Sure, GE is based in the U.S., but that doesn't mean its shareholders expect it to be loyal to U.S. interests. Still, selling technology it developed for U.S. companies like Boeing (BA) to Boeing's Chinese competitors -- which are trying to build a competing aircraft company -- may be going too far. The question facing American policymakers is how to keep GE from crossing the line before it's too late.
A $400 Billion Market for Aircraft Products
Officially, this GE/Avic venture will be making a commercial aircraft for CACC. The Times reports that together, they'll build CACC's C919 -- a single-aisle plane capable of carrying up to 200 passengers and designed to compete with the Boeing 737 and Airbus 320 -- to be delivered in 2016. The avionics technology that GE/Avic will supply is the same as GE is providing to Boeing for its 787 Dreamliner, an industry-leading concept vehicle that is proving awfully hard for Boeing to deliver.

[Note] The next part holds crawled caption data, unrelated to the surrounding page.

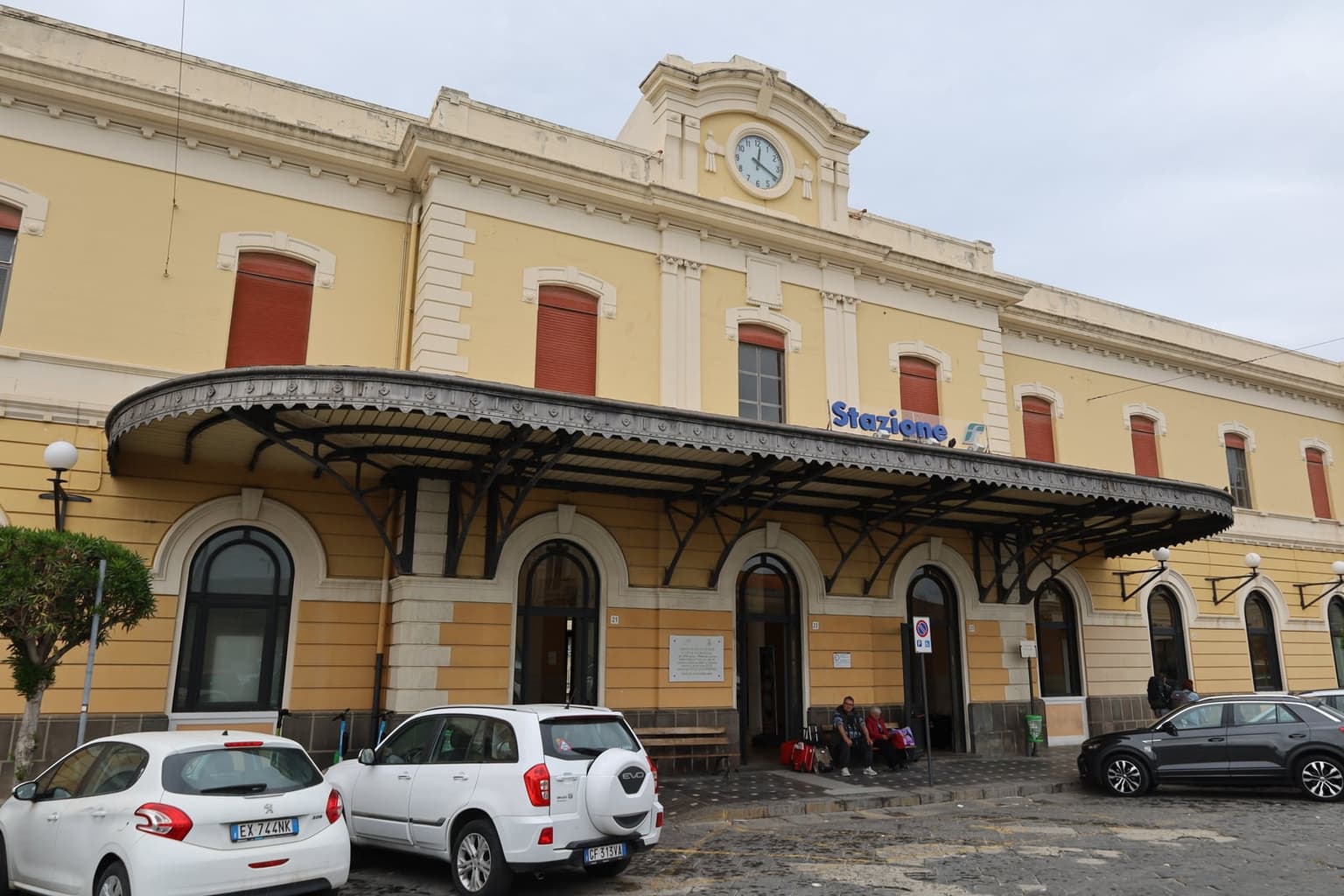 Siracusa's railway station, its yellow early-1900s façade and canopy, travelers with luggage waiting outside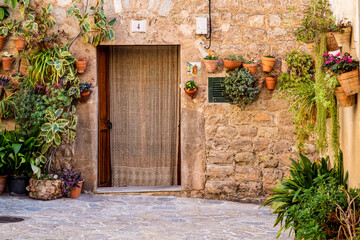 Fototapeta na wymiar macetas en una fachada, Valldemossa, Mallorca, balearic islands, Spain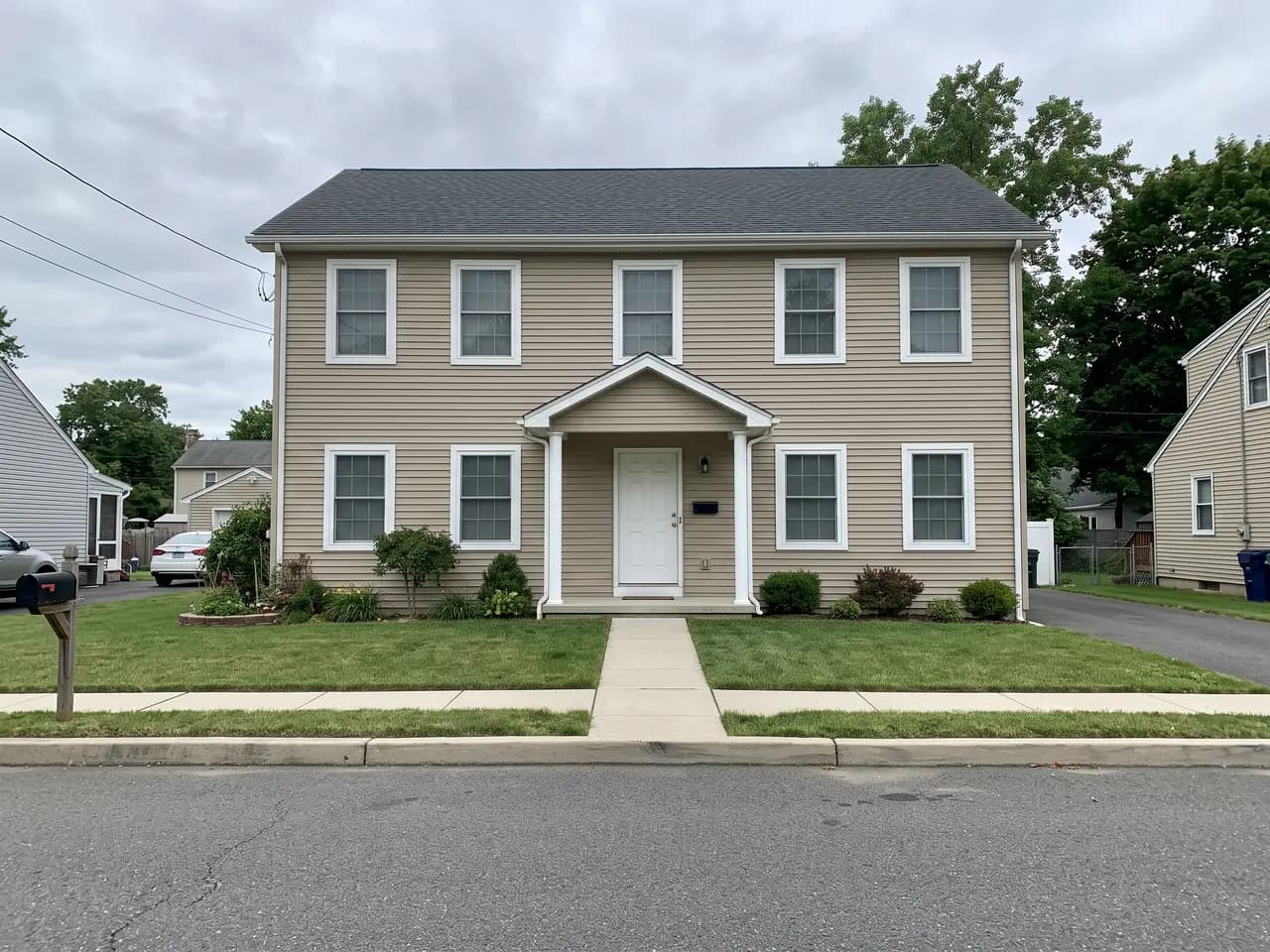 House exterior repainted in a modern farmhouse colour scheme: warm white walls, black trim and a natural oak front door — before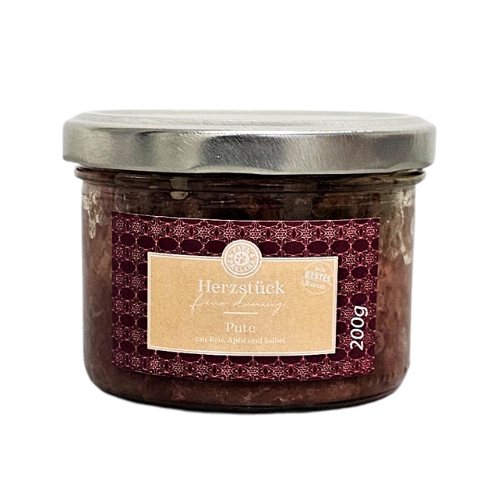 Słoik z metalową pokrywką zawiera produkt spożywczy, na etykiecie widnieje napis \'Herzstück Pute mit Reis, Apfel und Sellerie 200g\'.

Is GE betraying its customers and its country? I think so. And the reason it's doing so is simple: GE believes that China will be a $400 billion market for its aircraft products over the next two decades. To be fair, GE is making all sorts of noises about how China's aircraft industry isn't sophisticated, so it won't be able to make use of all GE's advanced technology against Boeing or the American military. GE also claims it briefed the U.S. government before selling this technology to China, and that its joint venture will keep a Chinese Wall (pun intended) between its commercial and defense units.

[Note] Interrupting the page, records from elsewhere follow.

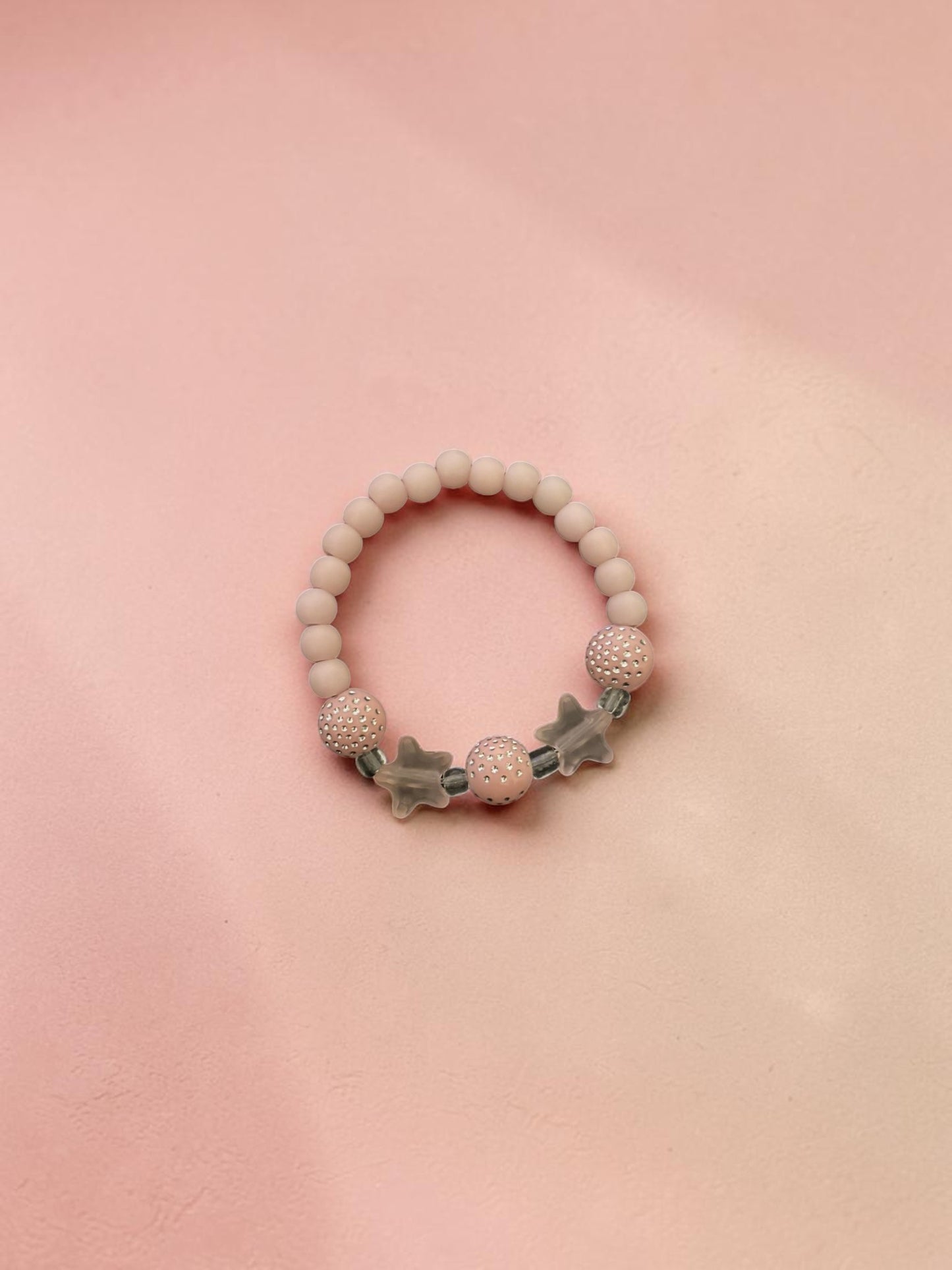 Bracelet enfant petites étoiles rose clair brillant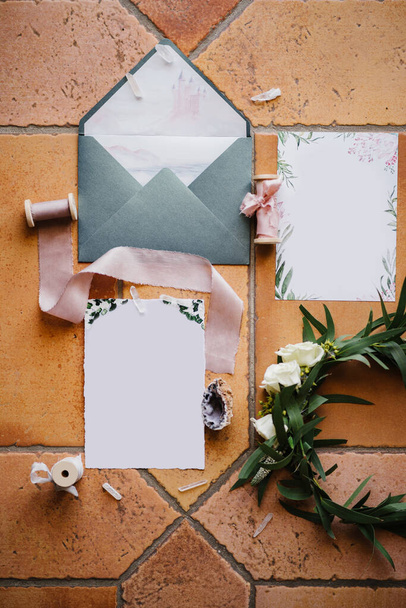 Op een bruine tegel - een open grijze envelop, blanco ansichtkaarten met ornamenten, strengen linten, een schelp en een krans van twijgen met een roos - Foto, afbeelding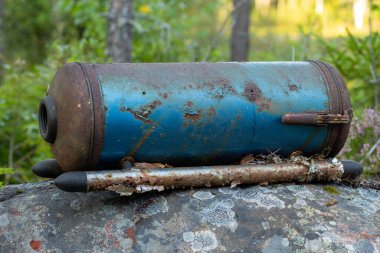 Old vacuum cleaner found in forest highlighting e-waste issues clipart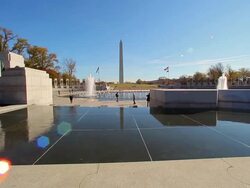 A static shot of the WWII Memorial with the Washington Monument in the distance. Stock Footage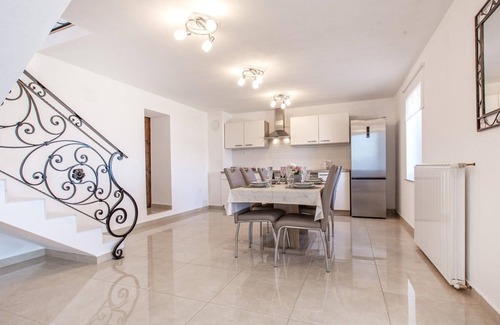 Koper House | On the Adriatic coast of Slovenia, this comfortable vacation home with swimming pool and sea view we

I don't find that at all comforting. Here's one reason why.
In my Babson College classes, I've taught a Harvard Business School case titled Taiwan: Only The Paranoid Survive, which demonstrates how Taiwan famously built up its semiconductor industry from scratch in the 1970s: The country bought obsolete technology from RCA and paid Taiwanese nationals working in Silicon Valley to share their technical knowledge with the island nation's government-owned companies. Sure, Taiwan was dealing with old technology at first, but it had skilled people who quickly helped it climb up the ladder and build a world-leading semiconductor industry.
Are CEOs Selling Out America?
If China follows Taiwan's footsteps, its aircraft industry should surpass the U.S. in a much shorter time. Unlike Taiwan, China is starting out with state-of-the-art technology from GE, which will save it decades of development time as it seeks to build its own industry to compete in both commercial and military markets.
Meanwhile, let's not feel sorry for Boeing. After all, a source who spent 20 years inside Boeing told me in 2009 that CEO Jim McNerney was musing about moving Boeing to China.
All this corporate maneuvering raises an important question: Who's in charge? To me, it looks like big-company CEOs are making the decisions that will determine America's fate. These execs may live in the U.S., but they're making big money by selling our best technology to China. And since China is lending America $907 billion through its government bond holdings, our nation's financial system is also under China's thumb.
Just as the gun lobby that has the economic and political power to make it easy for mentally unstable people to buy semi-automatic weapons -- even after the Tucson tragedy -- so does America's military industrial complex have the power to put its economic interests above those of its home country.
But just because one has the ability to do something doesn't make it a good idea. Let's hope someone can make GE realize that while there's still time.